Besides Israel actually calling her bluff and allowing her to visit her Sity, that is.
She is about to face off against a real woman of color…who loves Israel while calling Tlaib out for antisemitism
Shanelle Jackson, a former Michigan state legislator in Detroit who now works in the private sector, told Jewish Insider on Thursday that she intends to challenge Rep. Rashida Tlaib (D-MI) in the open-seat Democratic House primary for the newly drawn 12th Congressional District.
Jackson also emphasized that she is a supporter of Israel, which is almost certain to emerge as a high-profile issue in the race as Jewish community members and pro-Israel advocates have taken issue with instances in which Tlaib, the daughter of Palestinian immigrants who is among the first two Muslim women to serve in the House, has established herself as a fierce critic of the Jewish state.
“When she gets that mic in front of her, she goes crazy and goes to many extremes,” Jackson, who served with Tlaib in the Michigan statehouse, told JI. “I really feel like it’s now or never as it pertains to being able to sort of shut her down and calm down some of the antisemitic rhetoric.”
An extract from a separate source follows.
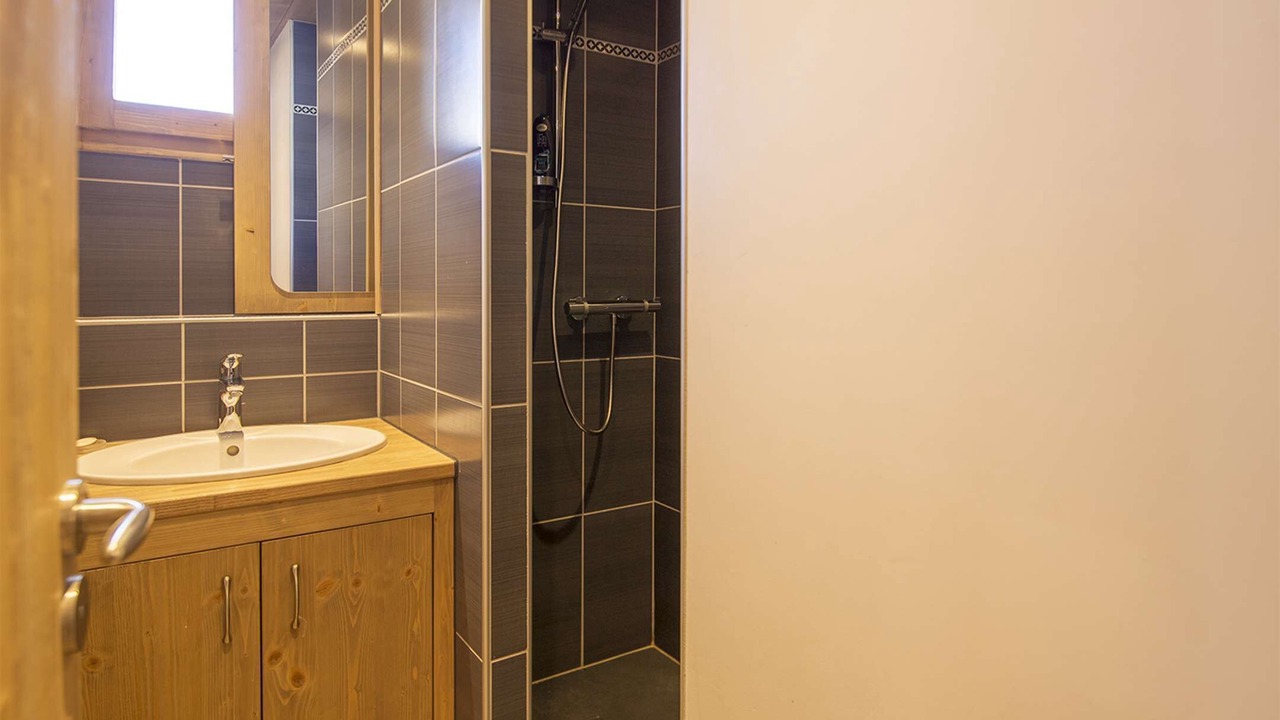 Photo of Bathroom in Les Avanchers-Valmorel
Jackson, an evangelical Christian, said she has long felt a “strong reverence” for the Jewish state. In 2010, as a state representative, Jackson said she visited Israel on a delegation with the local Jewish federation, an experience she characterized as having left an “indelible” impression on her foreign policy outlook.
“Just saying it real plain, I believe that the United States and Israel are sisters, and I can’t imagine living in a world where our nation didn’t have Israel’s back,” she said. “It’s heartbreaking, to be honest with you, to have Rep. Tlaib not even wanting to explore that path.”
As she prepares to launch her campaign, Jackson said she is planning to reach out to Jewish voters in the Detroit-area district, which takes in Southfield, a majority-Black suburban enclave that is also home to a robust Jewish community. “I want to convey to the Jewish community that, as an African-American woman, to me, our stories are extremely similar,” she told JI. “We can look at the history of the civil rights movement, we can look at our shared history here in this country.”
“I think that we have sort of a natural bond, and obviously that’s not there with her,” Jackson said of Tlaib. “So where I don’t have the answers, or the things that I don’t know, I’m open to learning because of this natural bond and kinship and love that I have for the Jewish community.”